Com a instalação da família Kadam tão próxima do seu restaurante e residência, Madame Mallory sente-se ameaçada, dando início a uma guerra contra os seus novos vizinhos, boicotando todos os esforços para que abram o seu próprio restaurante e dando origem a uma rivalidade que, aos poucos, vai evoluindo para uma profunda admiração de parte a parte e que termina quando a Madame tem a humildade de se render ao talento nato para a arte da culinária de Hassan (Manish Dayal), filho mais velho dos Kadam. E é assim que ambas as famílias se vão rendendo a novos sabores, partilhando conhecimentos uns com os outros, dando início a uma amizade e parceria que dão um novo brilho ao olhar de Mallory. Ao olhar de quem volta a encontrar o amor e a ambicionar uma segunda estrela Michelin, levando-a a oferecer emprego ao jovem indiano Hassan, que se apaixona pela sous chef do restaurante, Marguerite (Charlotte Le Bon), cujo amor une os sabores do ocidente e do oriente.
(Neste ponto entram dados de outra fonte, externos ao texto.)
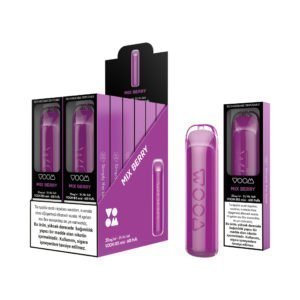 00 CYPRUS VOOM IRIS outer box MIX BERRY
“A viagem dos cem passos” é uma comédia gastronómica que conta com Steven Spielberg e Oprah Winfrey na equipa de produção, que também põe em cena sentimentos complexos, bem exibidos pelos seus actores, todos eles, a meu ver, óptimos nas suas interpretações. Diria que este filme também retrata a falta de linearidade da vida real em que a realização de um sonho não garante a felicidade, até porque a felicidade muitas vezes está tão perto de nós que até nos tolda, tornando-se o afastamento a melhor forma de a vermos com clareza.
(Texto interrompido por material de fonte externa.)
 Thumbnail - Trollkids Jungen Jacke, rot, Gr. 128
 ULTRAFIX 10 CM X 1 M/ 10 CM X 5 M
Embora haja partes que se arrastam um pouco e cujo tempo poderia ser transferido para compor melhor a parte final, que acontece rápido, o filme é bonito, não só pela história em si e pela forma peculiar como tudo se desenrola, como também pelos valores que transmite: da união, da família, do sentir, da tradição, da entrega, da alegria e do amor. Sempre o amor. Um filme do qual saímos de espírito alegre com a confirmação de que a vida tem sabor próprio, muitas vezes escondido na carcaça, tal como o ouriço-do-mar que Hassan tão bem saboreia. Há também passagens com mensagens subtis e belas, com falas cheias de sentido, tais como “onde está a família, está a casa.” Ou então “comida é memória”. E ainda: “a minha professora foi a minha mãe, que me ensinou principalmente a provar.” Há também questões que o filme nos coloca, tais como: vale a pena sacrificar o amor por uma carreira, ou desistir de uma carreira por amor?

O filme ganha um sabor ainda mais especial com a banda sonora de A.R. Rahman, que nos envolve no espírito indiano, dando um encanto bem condimentado ao desenrolar da película.

Cem passos, a distância que simboliza uma viagem de auto-descoberta, durante a qual as personagens vão cruzar territórios desconhecidos em prol de novas aventuras.